203: Exampville Destination Choice#

Welcome to Exampville, the best simulated town in this here part of the internet!

Exampville is a demonstration provided with Larch that walks through some of the data and tools that a transportation planner might use when building a travel model.

import numpy as np
import pandas as pd

import larch as lx
from larch import P, X

In this example notebook, we will walk through the estimation of a tour destination choice model.
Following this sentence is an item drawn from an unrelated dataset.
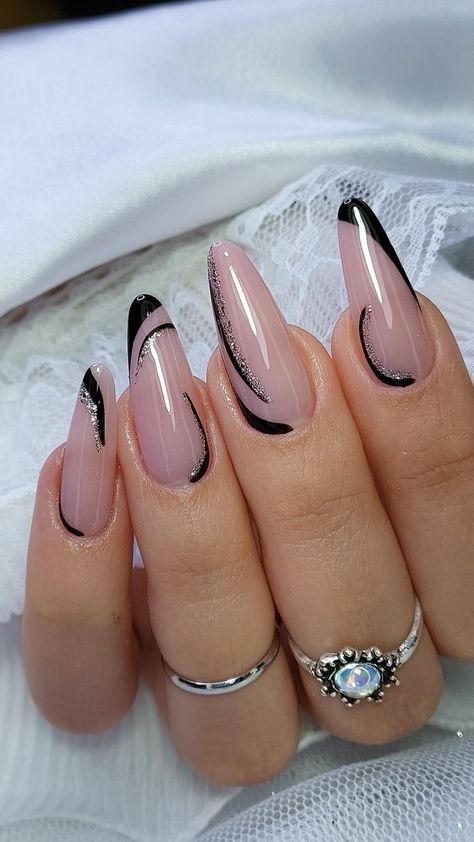 Black Rave Nails, Black And Silver Nails Ideas, Silver Black Nails, Black And Silver Nails, Burgundy Acrylic Nails, Pink Tip Nails, Quick Nail Art, Wine Nails, Hippie Nails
First, let’s load the data files from our example.

hh, pp, tour, skims, emp = lx.example(200, ["hh", "pp", "tour", "skims", "emp"])
hh["INCOME_GRP"] = pd.qcut(hh.INCOME, 3)

For this destination choice model, we’ll want to use the mode choice logsums we calculated previously from the mode choice estimation, but we’ll use these values as fixed input data instead of a modeled value. We can load these logsums from the file in which they were saved. For this example, we can indentify that file using the larch.example function, which will automatically rebuild the file if it doesn’t exists. In typical applications, a user would generally just give the filename as a string and ensure manually that the file exists before loading it.

logsums_file = lx.example(202, output_file="logsums.zarr")
logsums = lx.DataArray.from_zarr("logsums.zarr")

Preprocessing#

The alternatives in the destinations model are much more regular than in the mode choice model, as every observation will have a similar set of alternatives and the utility function for each of those alternatives will share a common functional form. We’ll leverage this by using idca format arrays in our DataTree to make data management simpler.

The base array we’ll start with will have two dimensions, cases and alternatives, anc be formed from the logsums we loaded above.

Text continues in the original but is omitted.